Single by Lime Cordiale featuring Colin Hay

from the album Enough of the Sweet Talk
- Released: 25 November 2022
- Label: Chugg Music;
- Songwriter(s): Oliver Leimbach; Louis Leimbach;
- Producer(s): Dave Hammer

Lime Cordiale singles chronology
| "Country Club" (2022) | "Colin" (2022) | "Imposter Syndrome" (2023) |

= Colin (song) =

2022 single by Lime Cordiale

"Colin" is a song by Australian alternative rock duo Lime Cordiale featuring Colin Hay, released on 25 November 2022 as the third single from the duo's third studio album, Enough of the Sweet Talk (2024).

The song was voted 34 in the Triple J Hottest 100, 2022.
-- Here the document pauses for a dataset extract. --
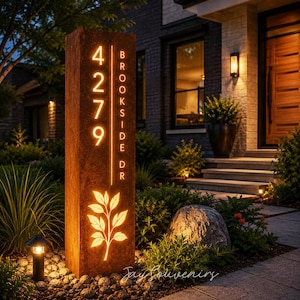 Può includere: Un alto cartello civico rettangolare in metallo color ruggine con intagli illuminati. Il cartello mostra il numero civico verticale 4279 e il testo BROOKSIDE DR, insieme a un motivo a foglia luminoso. La luce brilla dall'interno della struttura.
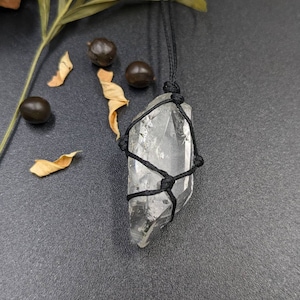 May include: A clear quartz crystal wrapped in black cord, hanging from a black cord necklace. The crystal is a point shape and is tied with a macrame knot.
At the APRA Music Awards of 2024, the song was nominated for Most Performed Alternative Work. At the 2024 Rolling Stone Australia Awards, the song was nominated for Best Single.

==Background==
Louis Leimbach said Colin Hay "has been an inspiration to us since [our] high school years. His solo acoustic stuff is so bloody stunning." Oliver Leimbach said "During lockdown Colin would go live on Instagram with his guitar. One day I picked up my guitar and played along with him and that afternoon wrote the start of this tune." Oliver added, "It's not about Colin but he started the creation of this song, so we asked him to finish it by singing the final chorus."

==Critical reception==
Ellie Robinson from NME said "It's one of the band's more ballad-like efforts, with an undulating, folk-influenced melody that's accentuated with soaring violins."